→ **REQUIRED WORK**
Exactly as they stand, copy the lines from the one containing "Dark Floral Artwork School Bag (small)" to the final line of the data; leave out the pictures.

→ **SOURCE DATA**
------------------------------------

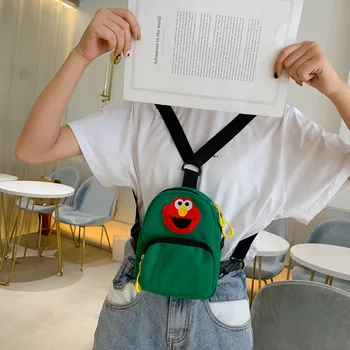 

Summer Canvas Handbags Lady Small Fresh Sesame Street Shoulder Bag Female Wild Simple Casual Zipper Messenger Bag 2019 New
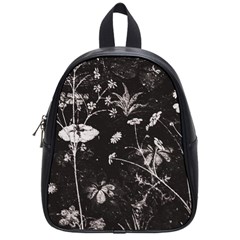 Dark Floral Artwork School Bag (small)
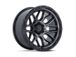 Fuel Wheels Surge Gloss Black Machined with Gray Tint Wheel; 17x9; -12mm Offset (18-26 Jeep Wrangler JL)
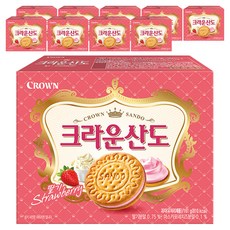 크라운산도 딸기, 161g, 10개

------------------------------------

→ **REPLY TO THE EXERCISE**
 Dark Floral Artwork School Bag (small)
 Fuel Wheels Surge Gloss Black Machined with Gray Tint Wheel; 17x9; -12mm Offset (18-26 Jeep Wrangler JL)
 크라운산도 딸기, 161g, 10개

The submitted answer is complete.